**Captioned web images**

□ □ □ □

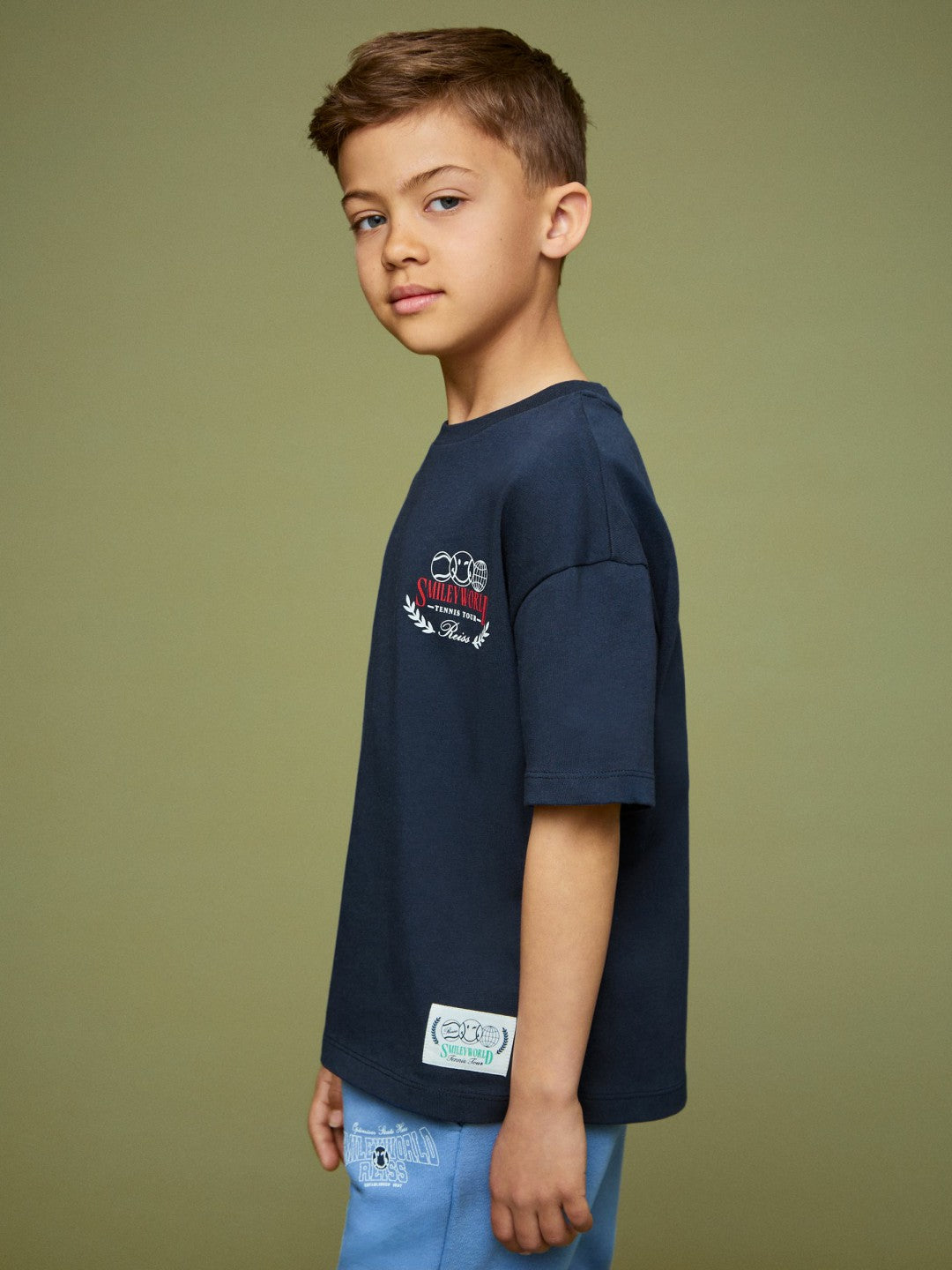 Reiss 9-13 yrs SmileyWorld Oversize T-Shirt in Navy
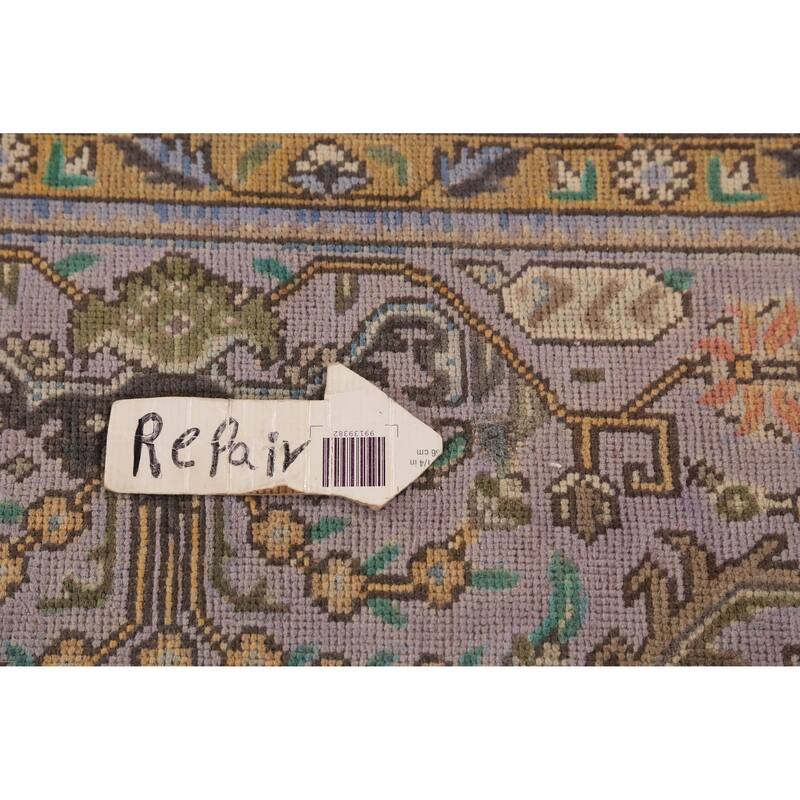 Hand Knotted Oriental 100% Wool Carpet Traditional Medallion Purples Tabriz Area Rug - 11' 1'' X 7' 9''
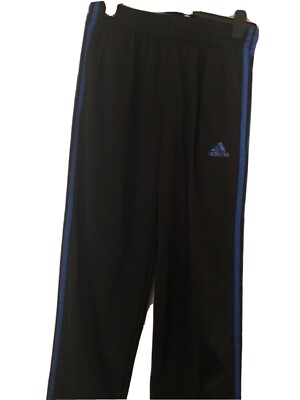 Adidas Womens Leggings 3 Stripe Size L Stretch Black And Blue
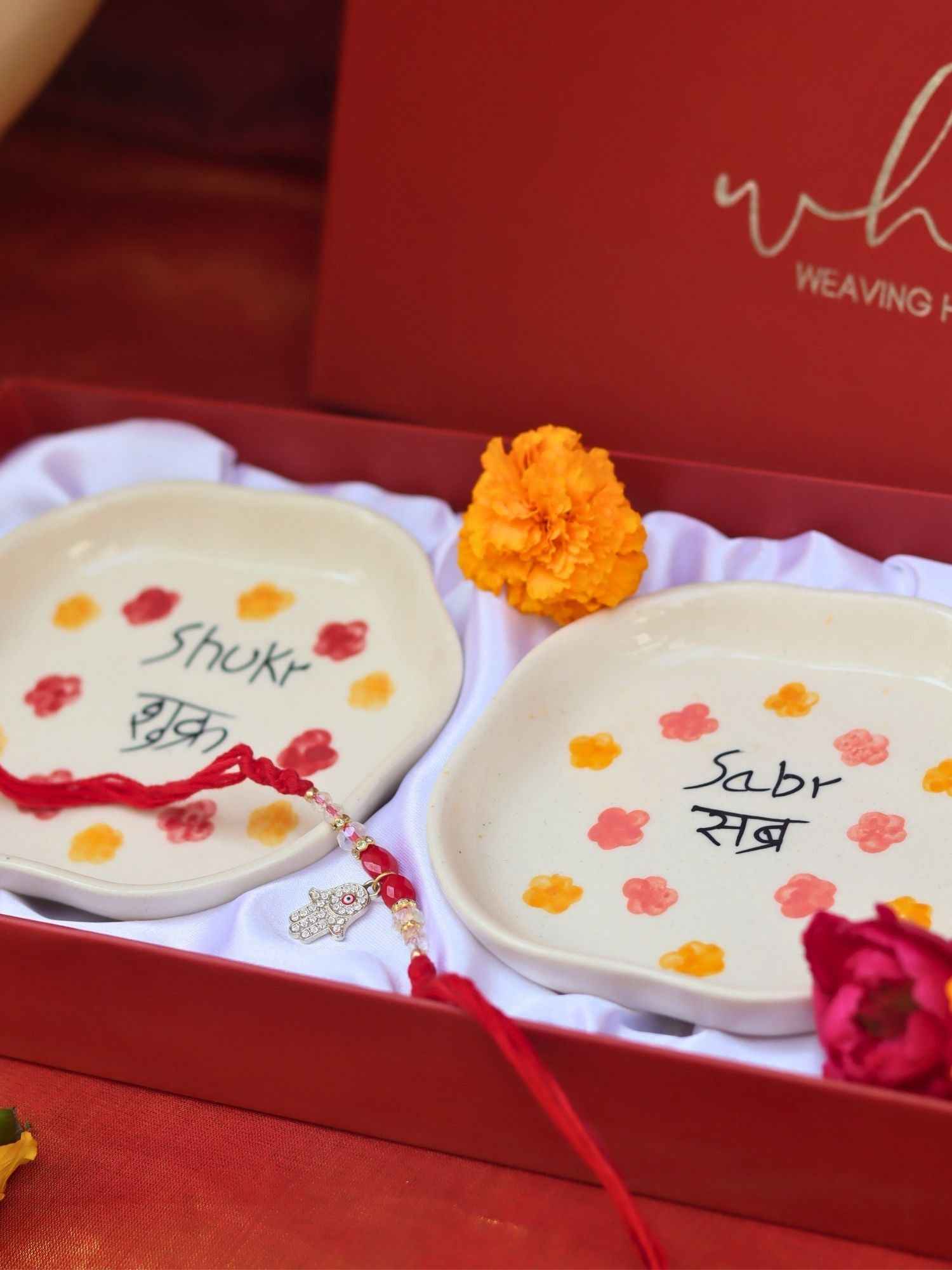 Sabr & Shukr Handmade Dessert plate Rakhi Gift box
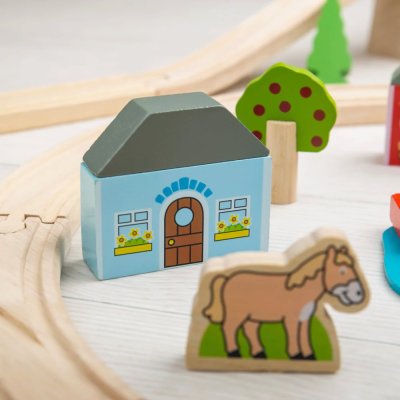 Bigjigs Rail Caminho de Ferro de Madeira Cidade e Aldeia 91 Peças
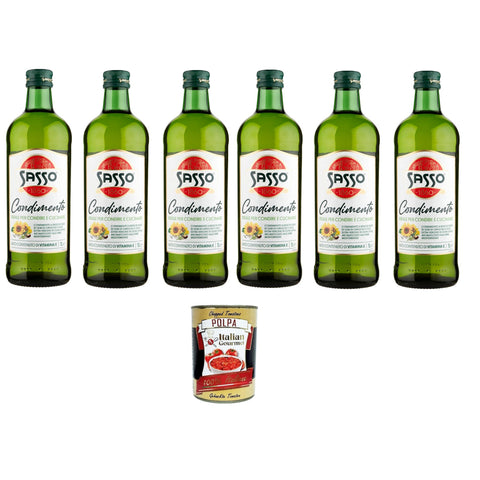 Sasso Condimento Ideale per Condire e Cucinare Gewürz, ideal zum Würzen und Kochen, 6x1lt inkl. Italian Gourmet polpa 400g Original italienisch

□ □ □ □

**PROBLEM TO WORK ON**
When copying the records, reproduce every entry exactly and omit all pictures.

**OUTPUT OF THE EXERCISE**
 Reiss 9-13 yrs SmileyWorld Oversize T-Shirt in Navy
 Hand Knotted Oriental 100% Wool Carpet Traditional Medallion Purples Tabriz Area Rug - 11' 1'' X 7' 9''
 Adidas Womens Leggings 3 Stripe Size L Stretch Black And Blue
 Sabr & Shukr Handmade Dessert plate Rakhi Gift box
 Bigjigs Rail Caminho de Ferro de Madeira Cidade e Aldeia 91 Peças
 Sasso Condimento Ideale per Condire e Cucinare Gewürz, ideal zum Würzen und Kochen, 6x1lt inkl. Italian Gourmet polpa 400g Original italienisch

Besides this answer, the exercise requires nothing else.